July 10, 2023

The May 2023 FreeBSD Developer Summit and BSDCan 2023 marked the return of in person events for a number of FreeBSD community members, myself included. It was such a great experience to see everyone in person again. In person events, especially ones like the Developer Summit are such an integral part of the FreeBSD community. Getting to talk face-to-face about what problems you’re facing, discussions on what’s happening with the new release, it’s all key to moving the Project forward. From an advocacy perspective, this event was the chance to talk with companies who are using FreeBSD and find out what’s working and what’s not. It’s a chance to learn more about why people choose FreeBSD and also recruit others to help us spread the word. The May 2023 Developer Summit was even more exciting this year because we were able to celebrate the 30th Anniversary of FreeBSD. More on that later. 

As part of the organizing committee, members of the Foundation team have been meeting since January to tackle our first in-person meeting in two years. With all of the many event planning details to sort out, there was definitely a wave of relief when I arrived at the venue and saw the boxes of t-shirts and FreeBSD Journals waiting for me. The organizing committee would also be remiss if we didn’t mention the invaluable help from BSDCan’s own Dan Langille. Co-locating with BSDCan makes producing the Developer Summit so much more manageable.

John Baldwin, member of the organizing committee and emcee extraordinaire kicked things off with a rundown of the schedule for the day and a thank you to our sponsors. Tarsnap joined the FreeBSD Foundation at the Gold level of sponsorship allowing, Colin Percival to continue his long tradition of designing the back of the Developer Summit t-shirt. iX Systems TruNas and the Linux Professional Institute sponsored the Summit at the Bronze level. We’re always grateful when companies within the FreeBSD universe step up to support developer focused events. 

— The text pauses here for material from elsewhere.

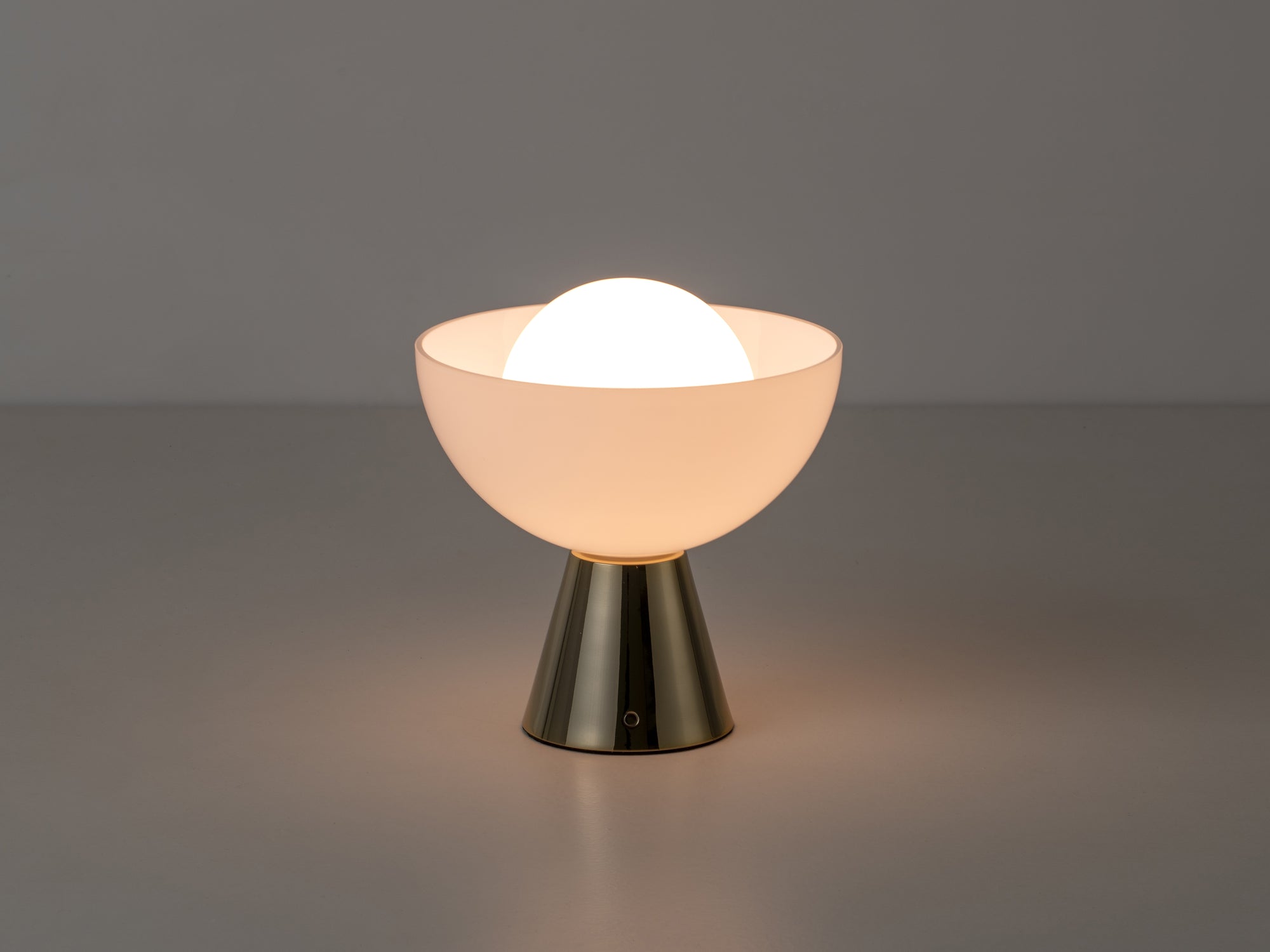 Brass dome cordless table lamp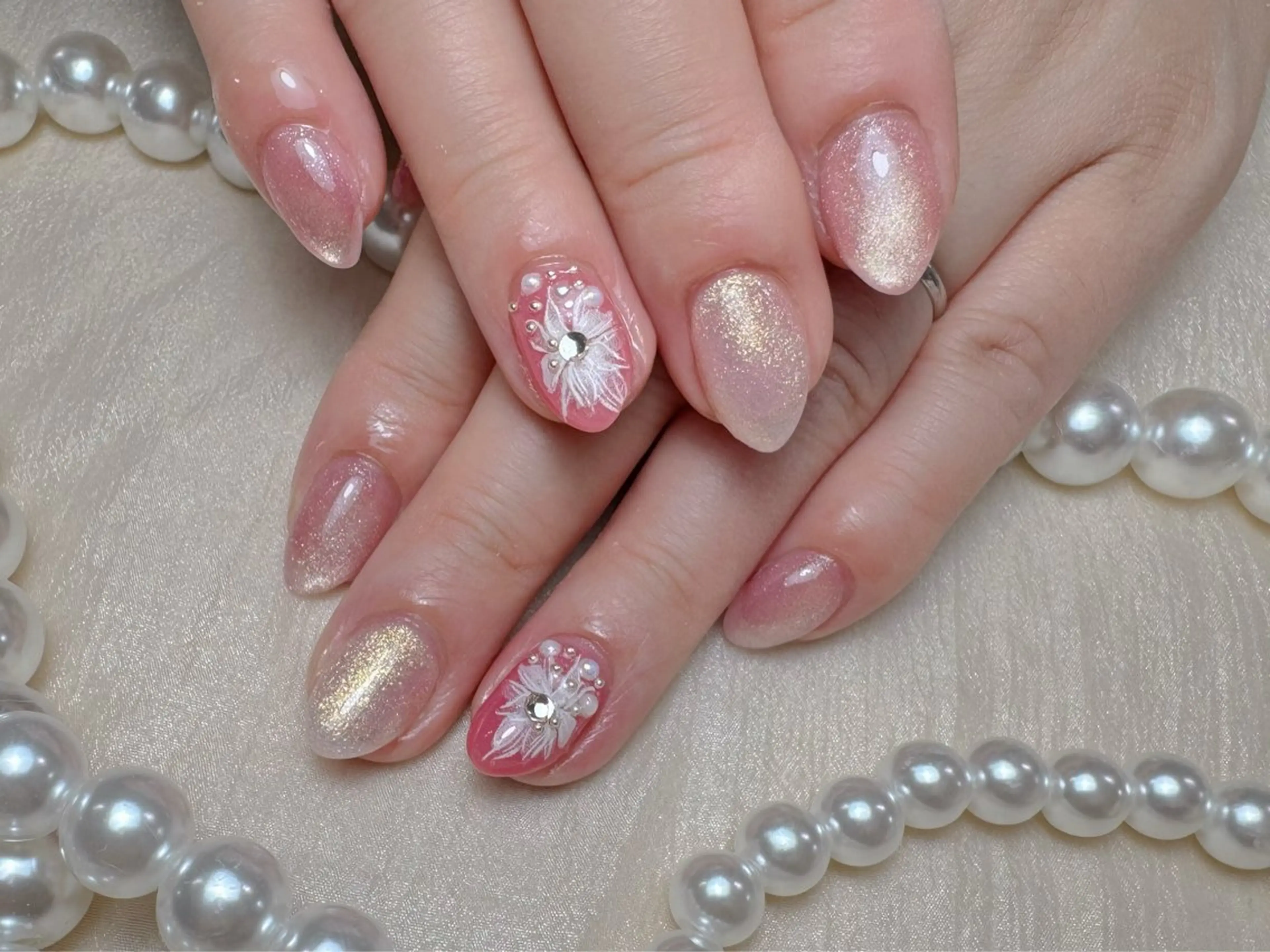 ネイル ハンドネイル マジックミラー所属・マジック ミラーのネイルデザイン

The program began with an update from the FreeBSD Foundation. While presenting isn’t my strong suit, I was glad to be able to join my colleagues in providing an update about what we’ve been up to in the land of advocacy over the year so far. 

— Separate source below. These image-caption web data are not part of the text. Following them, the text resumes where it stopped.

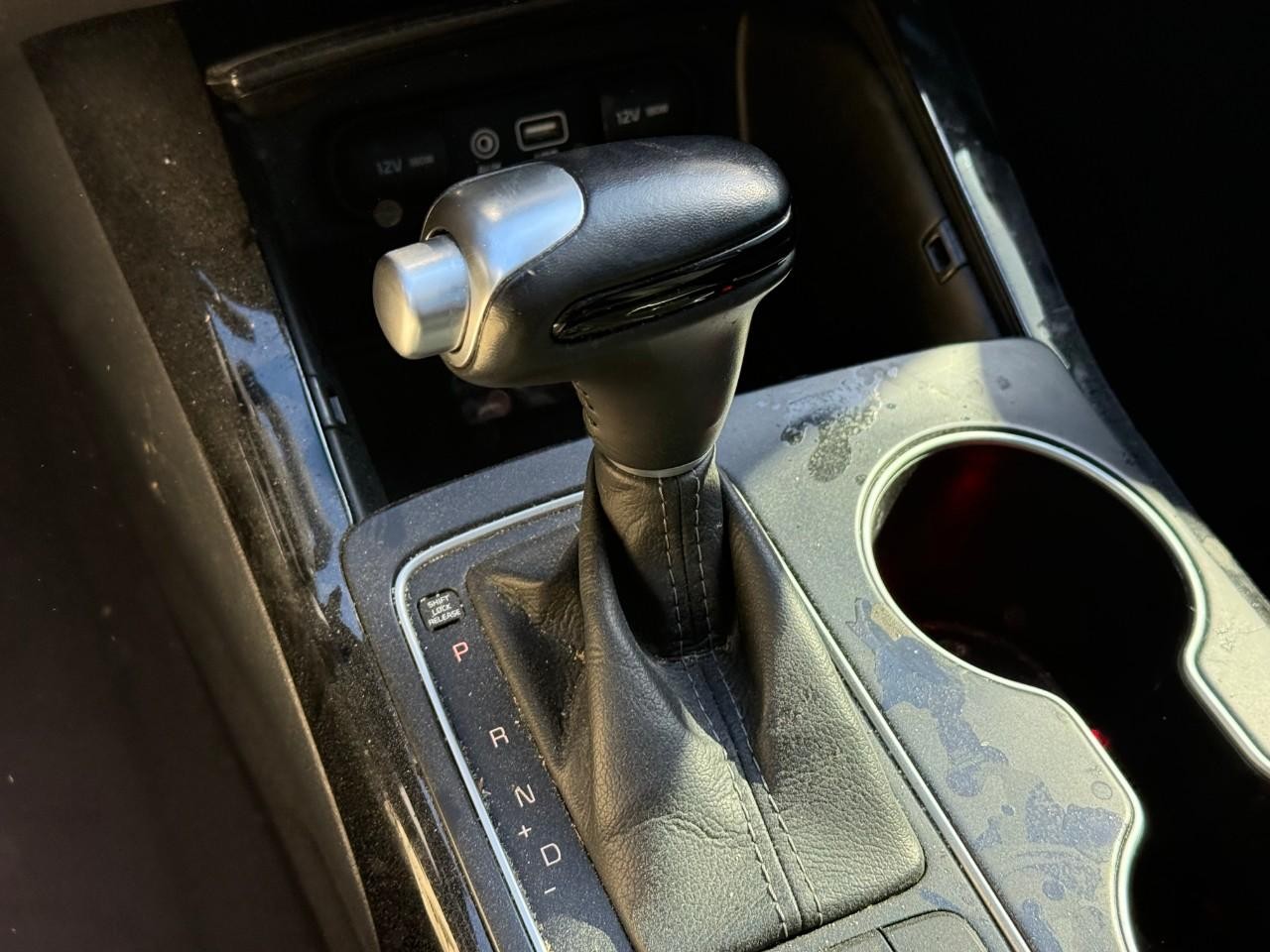 Kia Sorento Vehicle Full-screen Gallery Image 15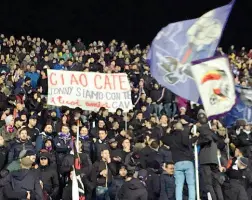  ??  ?? Lo striscione per Caterina sabato in curva Fiesole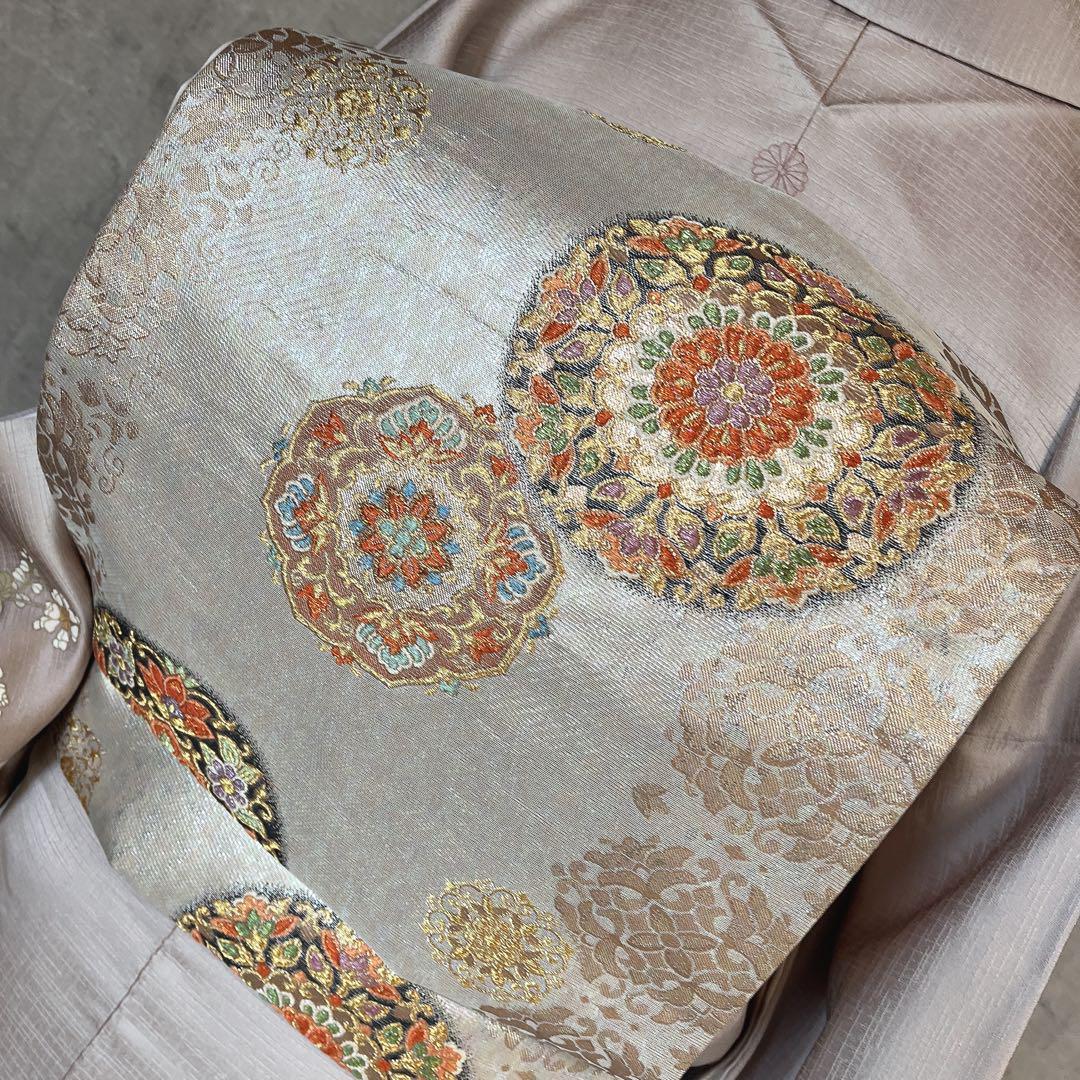 訪問着　フルセット　正絹　付け下げ　着物　蝶　桜　花　金　Ｉ9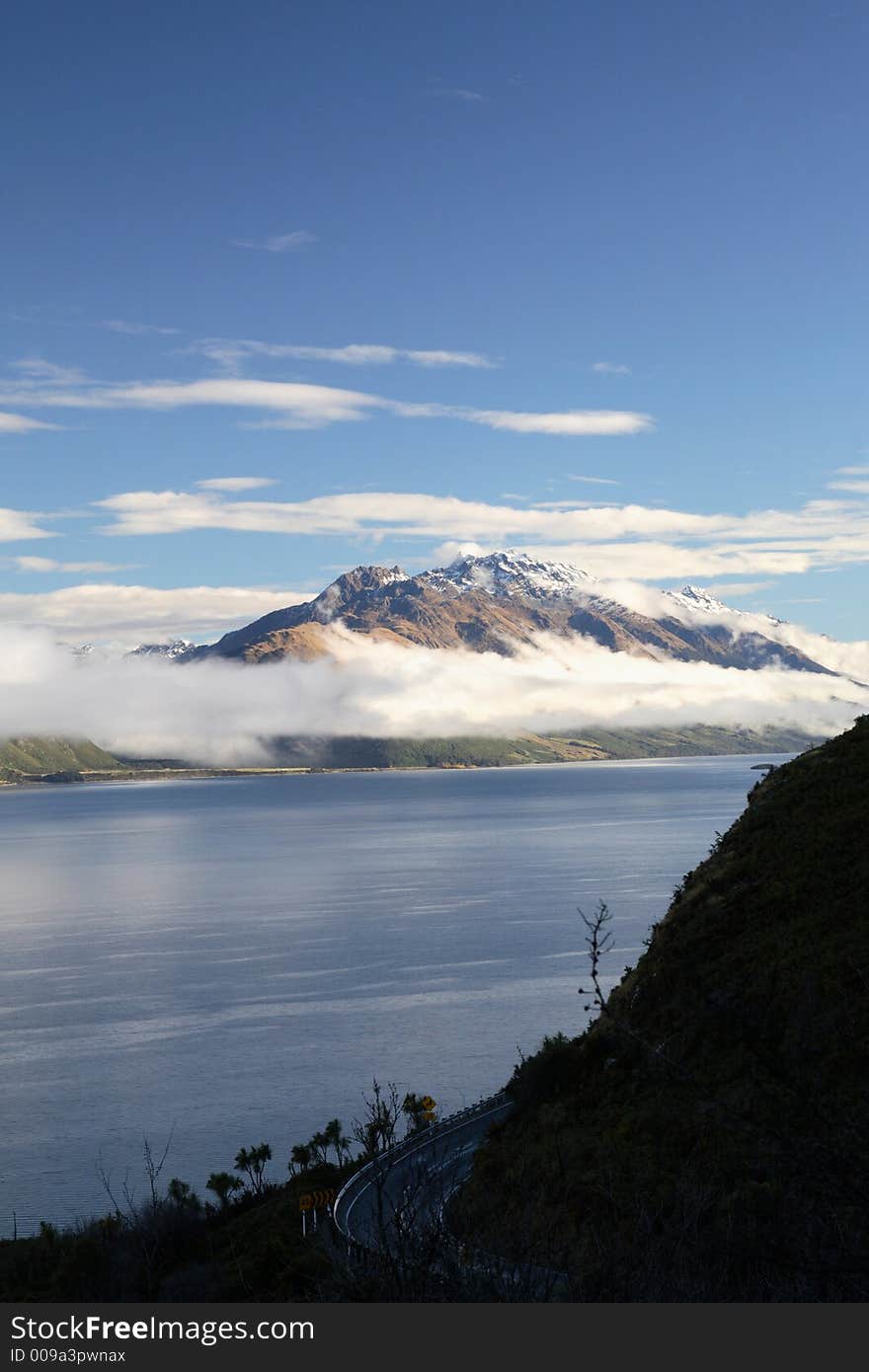 Beautiful landscape of mountains and lake at New Zealand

The rest of the day included an update from the Core Team, a Guided Code Reading with Mark Johnston (very popular with attendees, if the post session talk is any indicator), and then breakout working groups focused on Google Summer of Code and External Toolchain. 

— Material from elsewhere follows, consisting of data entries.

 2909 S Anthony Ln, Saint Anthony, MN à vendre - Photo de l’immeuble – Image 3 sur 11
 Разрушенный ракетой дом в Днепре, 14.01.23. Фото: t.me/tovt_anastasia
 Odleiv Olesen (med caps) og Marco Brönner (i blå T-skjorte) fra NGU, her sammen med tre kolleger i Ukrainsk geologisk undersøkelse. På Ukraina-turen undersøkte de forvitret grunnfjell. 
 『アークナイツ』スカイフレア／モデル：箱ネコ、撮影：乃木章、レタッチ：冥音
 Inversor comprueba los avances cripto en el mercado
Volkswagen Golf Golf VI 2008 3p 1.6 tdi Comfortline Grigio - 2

During the next break, it was time to celebrate the 30th Anniversary of the FreeBSD Project- complete with a timeline cake! It was great to have FreeBSD originals  Kirk McKusick and Mike Karels there to help us celebrate. 

Day 1 ended with the continuation of the FreeBSD by the Fire series. Mike Karels took to the podium to share stories and answer questions about the early days of FreeBSD. 

Next up, the Foundation sponsored a pizza party in the “hackers lounge” on the ground floor of the university dorm. Access to a place where you can sit laptop to laptop to solve problems and learn new things is one of the biggest benefits of returning to an in-person format. The hacker lounge also provides another opportunity for members of the Foundation team to sit down with developers and company representatives to learn more about their needs and what gaps we may need to fill. 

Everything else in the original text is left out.